As many validators as desired can be added, and a clump is only kept if all 
return True.  If not, a clump is remerged into its parent.  Custom validators 
can easily be added.  A validator function must only accept a ``Clump`` object 
and either return True or False.

.. code:: python

   def _minimum_gas_mass(clump, min_mass):
       return (clump["gas", "cell_mass"].sum() >= min_mass)
   add_validator("minimum_gas_mass", _minimum_gas_mass)

The ``add_validator`` function adds the validator to a registry that can 
be accessed by the clump finder.  Then, the validator can be added to the 
clump finding just like the others.

.. code:: python

   master_clump.add_validator("minimum_gas_mass", ds.quan(1.0, "Msun"))

The clump finding algorithm accepts the ``Clump`` object, the initial minimum 
and maximum of the contouring field, and the step size.  The lower value of the 
contour finder will be continually multiplied by the step size.

.. code:: python

   c_min = data_source["gas", "density"].min()
   c_max = data_source["gas", "density"].max()
   step = 2.0
   find_clumps(master_clump, c_min, c_max, step)

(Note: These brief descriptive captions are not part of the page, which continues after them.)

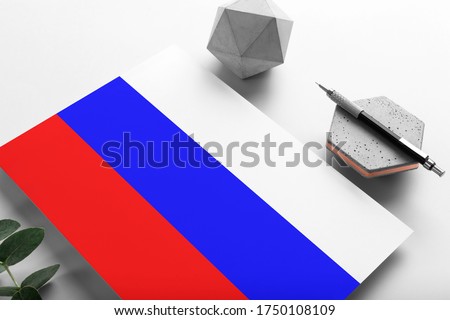 Russia flag on minimalist paper background. National invitation letter with stylish pen on stone. Communication concept.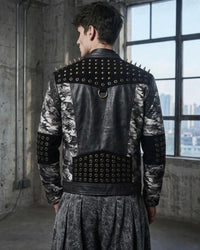 Person wearing a studded leather jacket in an urban setting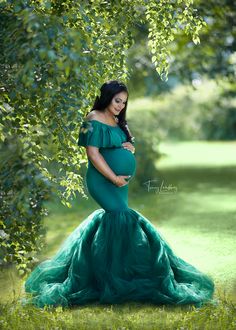 a pregnant woman in a green gown standing under a tree with her belly tucked up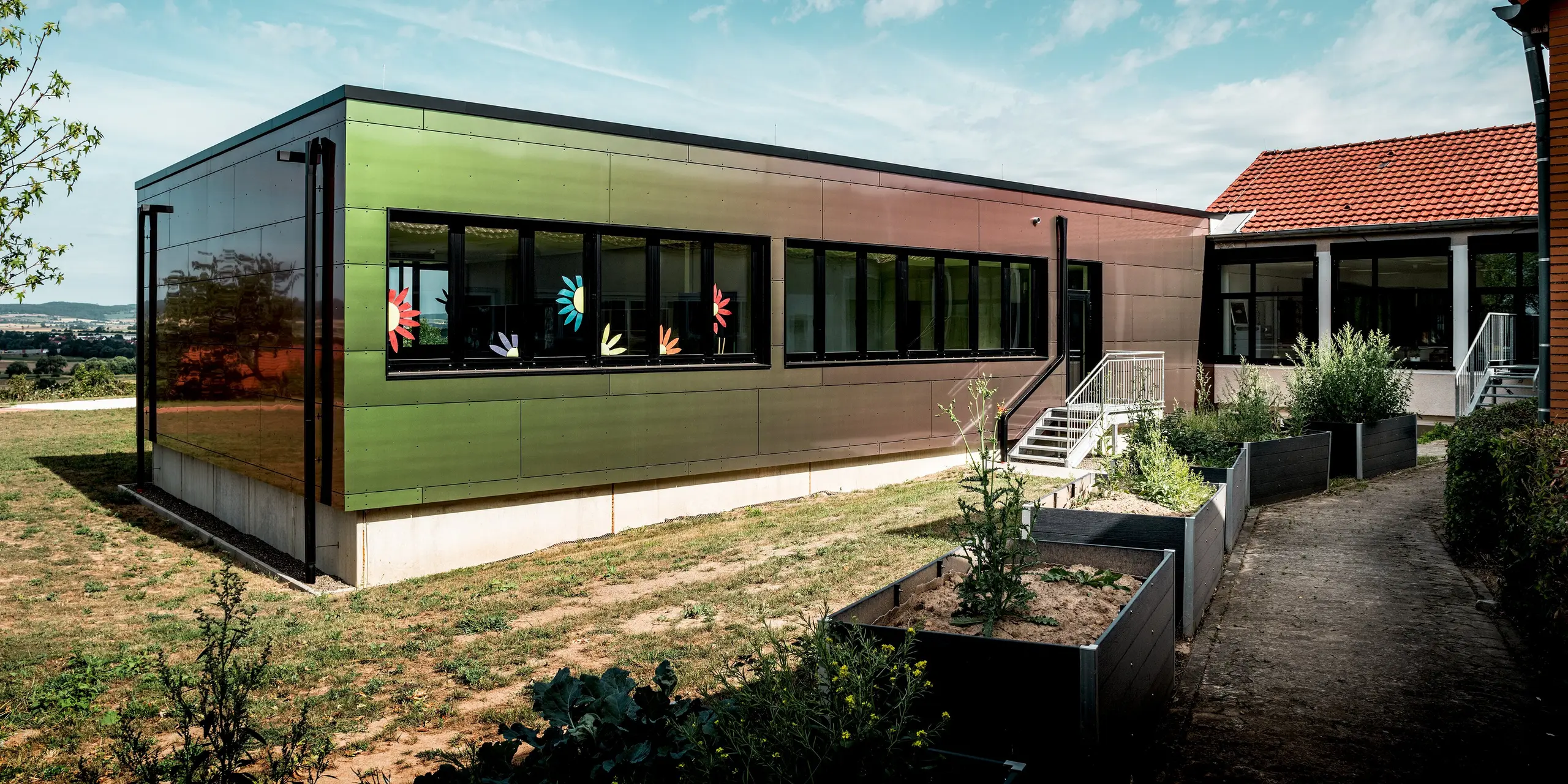 Farbenfroher Schulanbau der Johannwolfschule Außenstelle Angerstein: Die schimmernde PREFA Fassade aus Aluminium Verbundplatten in der Sonderfarbe Spring Lake begeistert mit wechselnden Grün-, Bronze- und Rottönen. Große Fenster mit bunten Blumenmotiven, eine Außentreppe und bepflanzte Hochbeete prägen die einladende Szene. Das dunkle PREFA Quadratrohr ergänzt die langlebige, witterungsbeständige Aluminiumfassade.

After the clump finding has finished, the master clump will represent the top 
of a hierarchy of clumps.  The ``children`` attribute within a ``Clump`` object 
contains a list of all sub-clumps.  Each sub-clump is also a ``Clump`` object 
with its own ``children`` attribute, and so on.

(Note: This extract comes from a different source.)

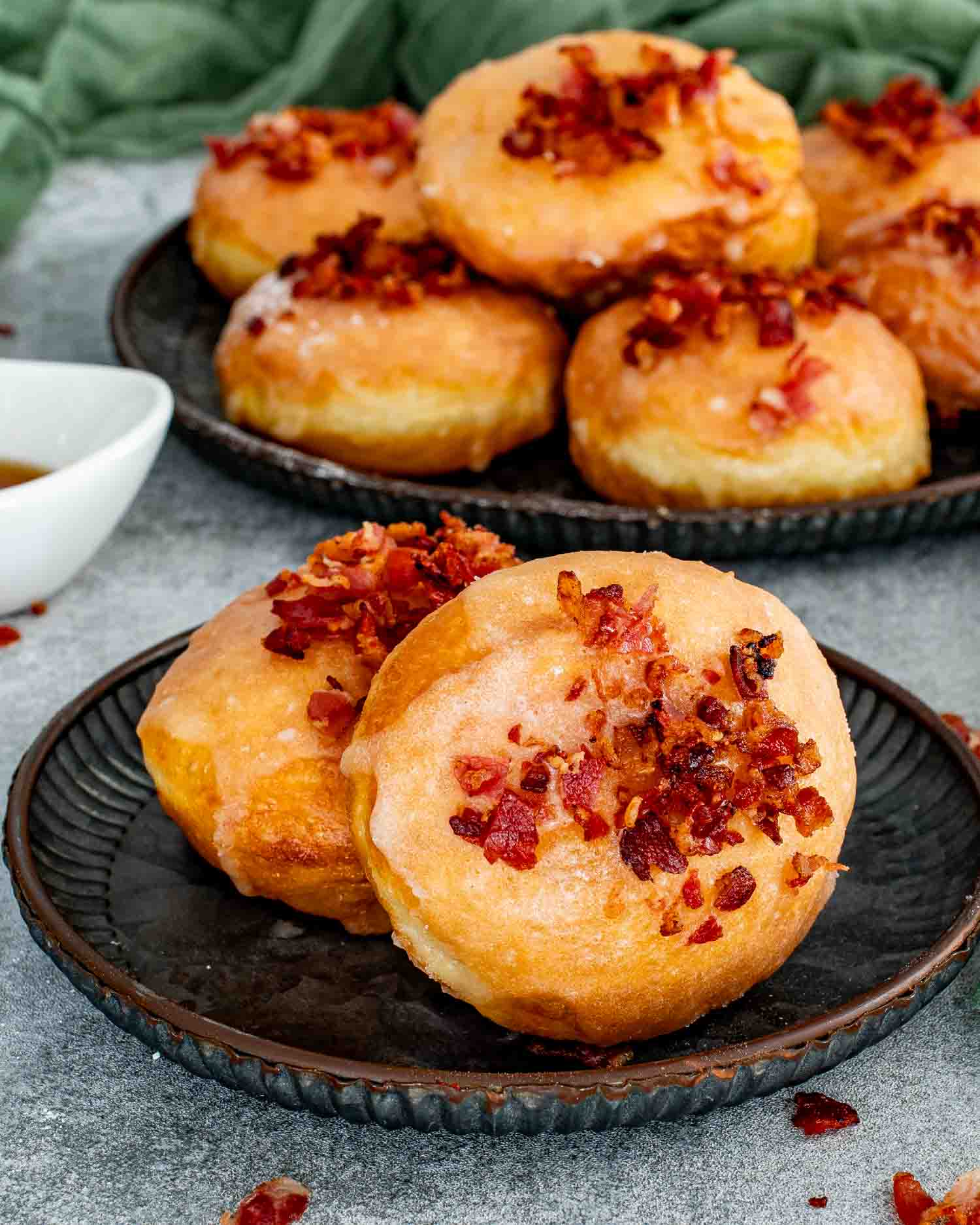 Two golden donuts sitting on a dark plate with a mountain of more glazed bacon donuts in the background.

A number of helper routines exist for examining the clump hierarchy.

.. code:: python

   # Write a text file of the full hierarchy.
   write_clump_index(master_clump, 0, "%s_clump_hierarchy.txt" % ds)

   # Write a text file of only the leaf nodes.
   write_clumps(master_clump,0, "%s_clumps.txt" % ds)

   # Get a list of just the leaf nodes.
   leaf_clumps = get_lowest_clumps(master_clump)

``Clump`` objects can be used like all other data containers.

.. code:: python

   print leaf_clumps[0]["gas", "density"]
   print leaf_clumps[0].quantities.total_mass()

The writing functions will write out a series or properties about each 
clump by default.  Additional properties can be appended with the 
``Clump.add_info_item`` function.

.. code:: python

   master_clump.add_info_item("total_cells")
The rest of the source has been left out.